▶ **Work request**:
All of the entries are to be returned word for word.

═════ Excerpted records

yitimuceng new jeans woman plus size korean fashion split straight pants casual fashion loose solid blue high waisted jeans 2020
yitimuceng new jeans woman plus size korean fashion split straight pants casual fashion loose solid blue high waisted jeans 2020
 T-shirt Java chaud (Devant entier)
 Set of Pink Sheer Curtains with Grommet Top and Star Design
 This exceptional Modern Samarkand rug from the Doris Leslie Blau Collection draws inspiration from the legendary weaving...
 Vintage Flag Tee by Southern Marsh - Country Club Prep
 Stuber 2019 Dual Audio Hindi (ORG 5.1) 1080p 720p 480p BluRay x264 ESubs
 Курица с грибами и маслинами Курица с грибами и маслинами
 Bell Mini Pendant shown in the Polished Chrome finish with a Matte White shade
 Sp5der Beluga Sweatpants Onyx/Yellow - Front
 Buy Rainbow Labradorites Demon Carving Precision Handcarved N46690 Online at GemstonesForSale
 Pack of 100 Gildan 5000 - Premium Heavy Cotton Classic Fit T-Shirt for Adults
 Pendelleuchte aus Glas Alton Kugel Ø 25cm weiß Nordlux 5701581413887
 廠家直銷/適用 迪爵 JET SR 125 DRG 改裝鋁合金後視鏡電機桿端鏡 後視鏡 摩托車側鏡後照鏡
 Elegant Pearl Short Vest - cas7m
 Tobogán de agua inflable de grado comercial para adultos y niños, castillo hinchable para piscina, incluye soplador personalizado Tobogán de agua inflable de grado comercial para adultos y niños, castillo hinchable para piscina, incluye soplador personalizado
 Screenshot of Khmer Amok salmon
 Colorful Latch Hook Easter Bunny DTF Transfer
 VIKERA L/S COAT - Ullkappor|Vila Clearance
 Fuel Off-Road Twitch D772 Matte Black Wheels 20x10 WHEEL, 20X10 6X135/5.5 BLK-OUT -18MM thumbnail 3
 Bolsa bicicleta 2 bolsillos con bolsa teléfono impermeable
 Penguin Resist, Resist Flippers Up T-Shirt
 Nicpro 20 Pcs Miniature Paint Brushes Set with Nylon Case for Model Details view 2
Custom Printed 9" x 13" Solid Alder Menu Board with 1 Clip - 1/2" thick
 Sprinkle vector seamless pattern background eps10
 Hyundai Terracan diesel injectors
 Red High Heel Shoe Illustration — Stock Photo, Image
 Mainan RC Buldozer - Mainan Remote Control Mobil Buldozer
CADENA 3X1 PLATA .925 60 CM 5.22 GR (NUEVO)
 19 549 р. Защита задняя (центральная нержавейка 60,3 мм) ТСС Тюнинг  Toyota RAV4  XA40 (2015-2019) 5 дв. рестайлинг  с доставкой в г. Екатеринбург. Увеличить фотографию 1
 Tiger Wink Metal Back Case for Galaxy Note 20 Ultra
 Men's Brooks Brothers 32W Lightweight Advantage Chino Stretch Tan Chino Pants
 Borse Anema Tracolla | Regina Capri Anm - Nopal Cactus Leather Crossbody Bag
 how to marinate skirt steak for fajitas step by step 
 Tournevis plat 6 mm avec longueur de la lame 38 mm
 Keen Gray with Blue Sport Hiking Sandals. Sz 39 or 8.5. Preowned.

══════════

▶ **Solution**:
yitimuceng new jeans woman plus size korean fashion split straight pants casual fashion loose solid blue high waisted jeans 2020
yitimuceng new jeans woman plus size korean fashion split straight pants casual fashion loose solid blue high waisted jeans 2020
 T-shirt Java chaud (Devant entier)
 Set of Pink Sheer Curtains with Grommet Top and Star Design
 This exceptional Modern Samarkand rug from the Doris Leslie Blau Collection draws inspiration from the legendary weaving...
 Vintage Flag Tee by Southern Marsh - Country Club Prep
 Stuber 2019 Dual Audio Hindi (ORG 5.1) 1080p 720p 480p BluRay x264 ESubs
 Курица с грибами и маслинами Курица с грибами и маслинами
 Bell Mini Pendant shown in the Polished Chrome finish with a Matte White shade
 Sp5der Beluga Sweatpants Onyx/Yellow - Front
 Buy Rainbow Labradorites Demon Carving Precision Handcarved N46690 Online at GemstonesForSale
 Pack of 100 Gildan 5000 - Premium Heavy Cotton Classic Fit T-Shirt for Adults
 Pendelleuchte aus Glas Alton Kugel Ø 25cm weiß Nordlux 5701581413887
 廠家直銷/適用 迪爵 JET SR 125 DRG 改裝鋁合金後視鏡電機桿端鏡 後視鏡 摩托車側鏡後照鏡
 Elegant Pearl Short Vest - cas7m
 Tobogán de agua inflable de grado comercial para adultos y niños, castillo hinchable para piscina, incluye soplador personalizado Tobogán de agua inflable de grado comercial para adultos y niños, castillo hinchable para piscina, incluye soplador personalizado
 Screenshot of Khmer Amok salmon
 Colorful Latch Hook Easter Bunny DTF Transfer
 VIKERA L/S COAT - Ullkappor|Vila Clearance
 Fuel Off-Road Twitch D772 Matte Black Wheels 20x10 WHEEL, 20X10 6X135/5.5 BLK-OUT -18MM thumbnail 3
 Bolsa bicicleta 2 bolsillos con bolsa teléfono impermeable
 Penguin Resist, Resist Flippers Up T-Shirt
 Nicpro 20 Pcs Miniature Paint Brushes Set with Nylon Case for Model Details view 2
Custom Printed 9" x 13" Solid Alder Menu Board with 1 Clip - 1/2" thick
 Sprinkle vector seamless pattern background eps10
 Hyundai Terracan diesel injectors
 Red High Heel Shoe Illustration — Stock Photo, Image
 Mainan RC Buldozer - Mainan Remote Control Mobil Buldozer
CADENA 3X1 PLATA .925 60 CM 5.22 GR (NUEVO)
 19 549 р. Защита задняя (центральная нержавейка 60,3 мм) ТСС Тюнинг  Toyota RAV4  XA40 (2015-2019) 5 дв. рестайлинг  с доставкой в г. Екатеринбург. Увеличить фотографию 1
 Tiger Wink Metal Back Case for Galaxy Note 20 Ultra
 Men's Brooks Brothers 32W Lightweight Advantage Chino Stretch Tan Chino Pants
 Borse Anema Tracolla | Regina Capri Anm - Nopal Cactus Leather Crossbody Bag
 how to marinate skirt steak for fajitas step by step 
 Tournevis plat 6 mm avec longueur de la lame 38 mm
 Keen Gray with Blue Sport Hiking Sandals. Sz 39 or 8.5. Preowned.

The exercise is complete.